> Exercise: For the material below, return exactly the lines starting at the line containing "Invitation Fête Douce" and ending at the line containing "Miniatura 3 de", both ends included, and no others.

> Source material:
/---

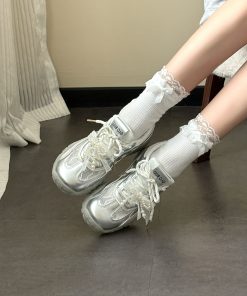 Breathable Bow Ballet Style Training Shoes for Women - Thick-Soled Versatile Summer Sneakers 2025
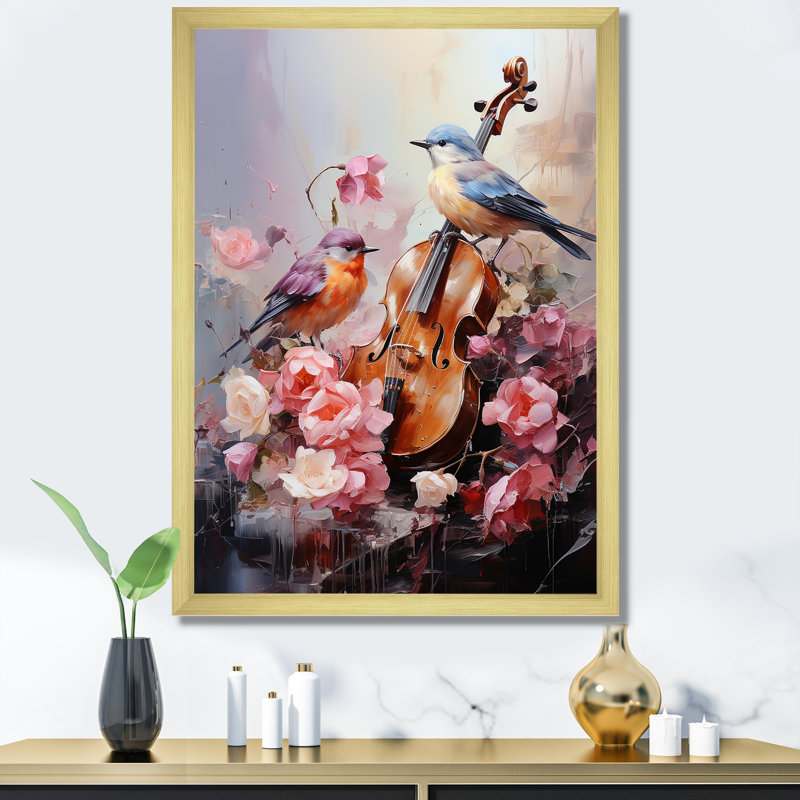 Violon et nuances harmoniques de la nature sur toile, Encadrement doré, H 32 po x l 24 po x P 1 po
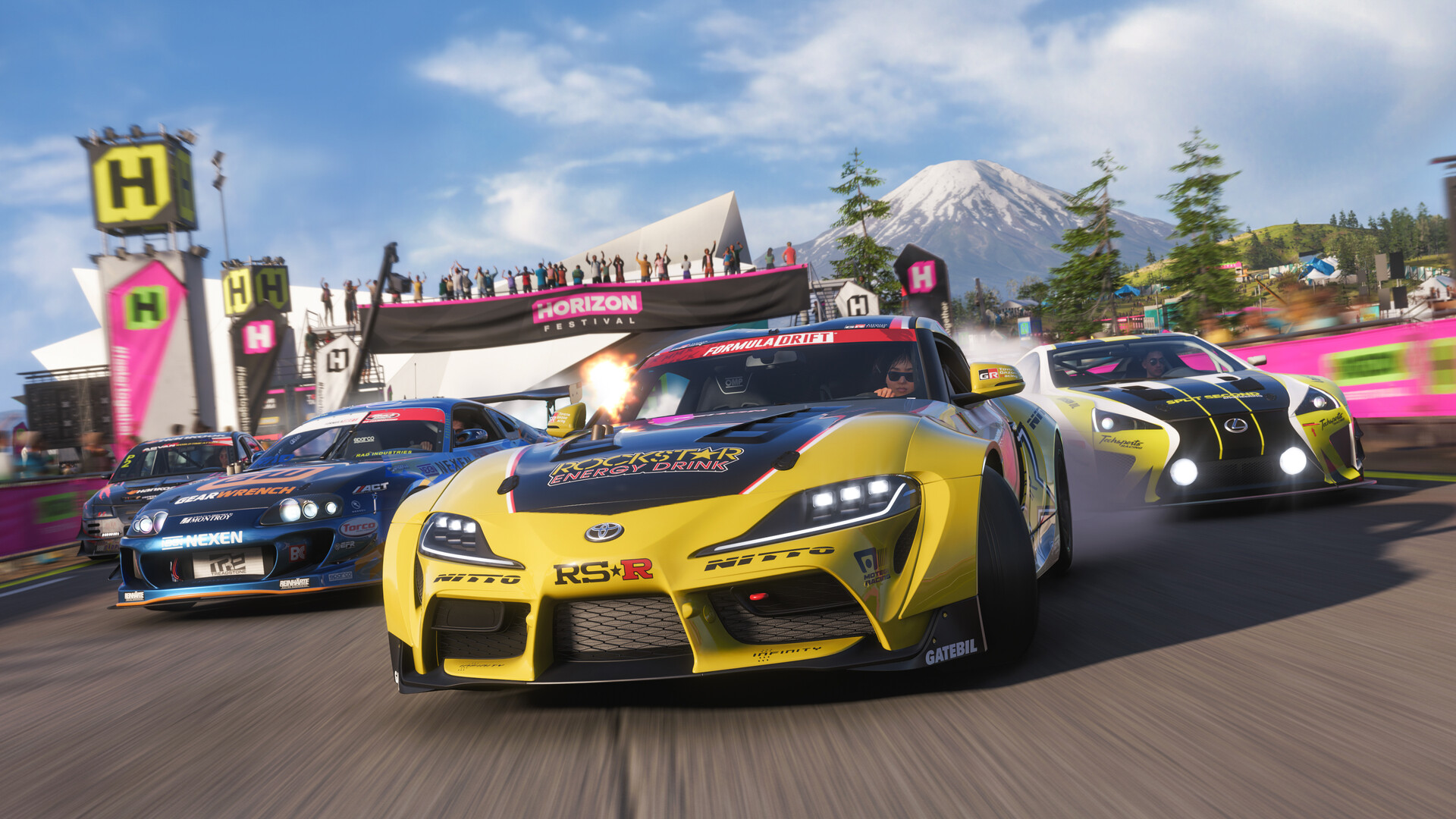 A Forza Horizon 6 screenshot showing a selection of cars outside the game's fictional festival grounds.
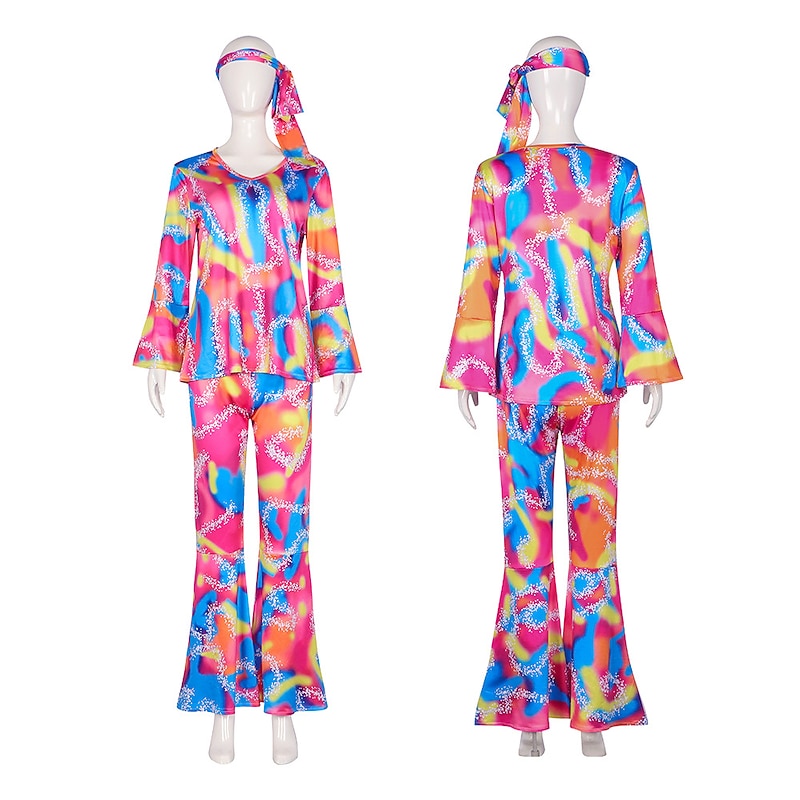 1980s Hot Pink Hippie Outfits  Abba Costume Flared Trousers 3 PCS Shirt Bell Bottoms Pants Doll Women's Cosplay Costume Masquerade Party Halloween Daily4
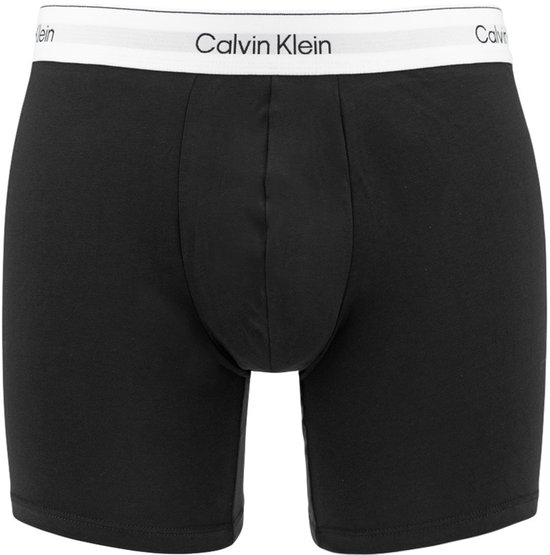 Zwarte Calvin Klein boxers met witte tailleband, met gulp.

\---
/---

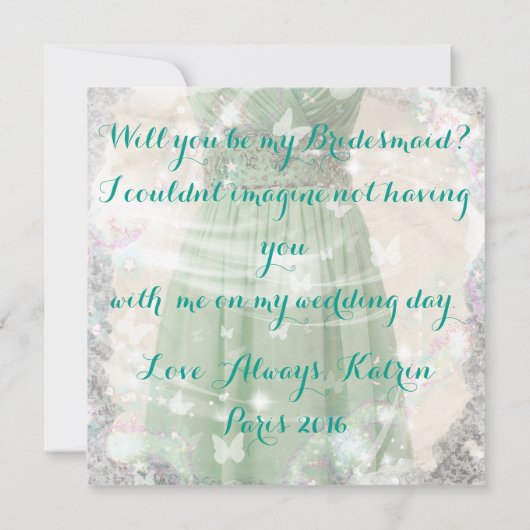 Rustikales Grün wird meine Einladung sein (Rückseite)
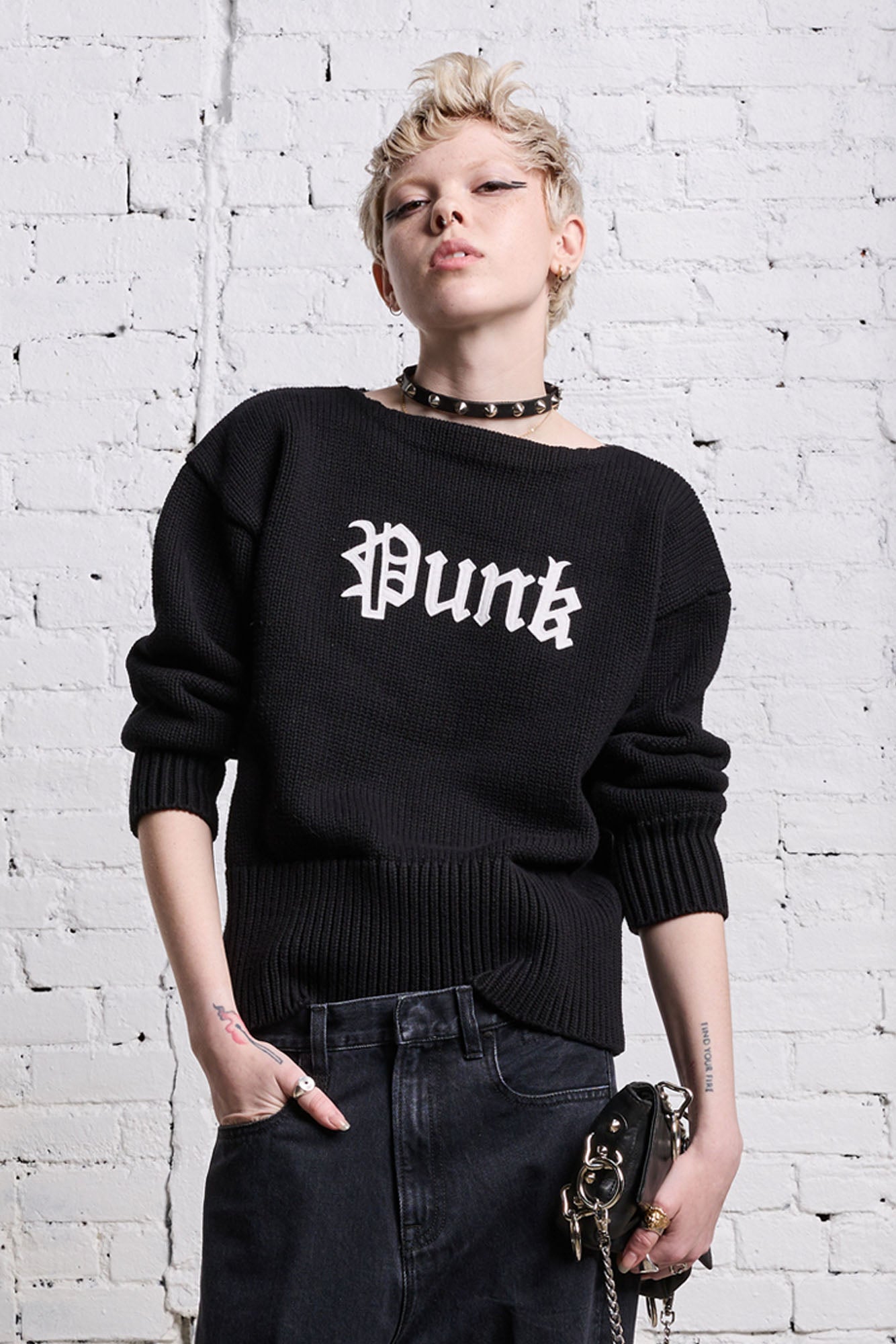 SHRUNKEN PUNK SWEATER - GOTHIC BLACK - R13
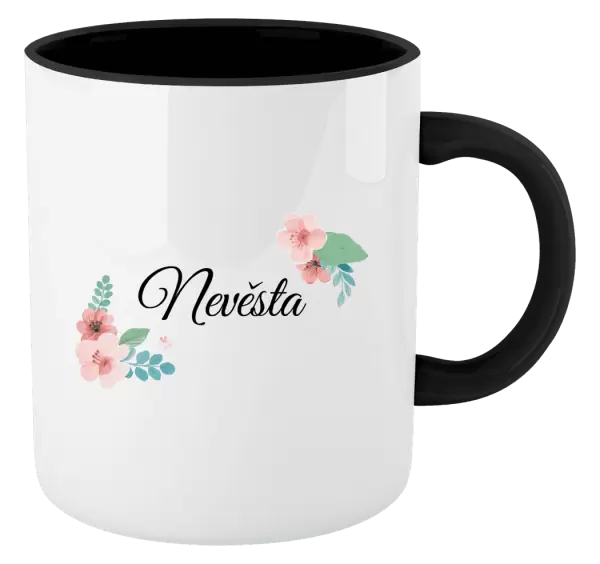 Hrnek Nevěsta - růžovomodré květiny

\---
/---

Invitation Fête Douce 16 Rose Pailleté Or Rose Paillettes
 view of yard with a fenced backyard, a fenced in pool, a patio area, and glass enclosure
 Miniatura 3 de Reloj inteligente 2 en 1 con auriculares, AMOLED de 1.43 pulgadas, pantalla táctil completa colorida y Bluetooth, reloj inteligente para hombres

\---

> Exercise output:
Invitation Fête Douce 16 Rose Pailleté Or Rose Paillettes
 view of yard with a fenced backyard, a fenced in pool, a patio area, and glass enclosure
 Miniatura 3 de Reloj inteligente 2 en 1 con auriculares, AMOLED de 1.43 pulgadas, pantalla táctil completa colorida y Bluetooth, reloj inteligente para hombres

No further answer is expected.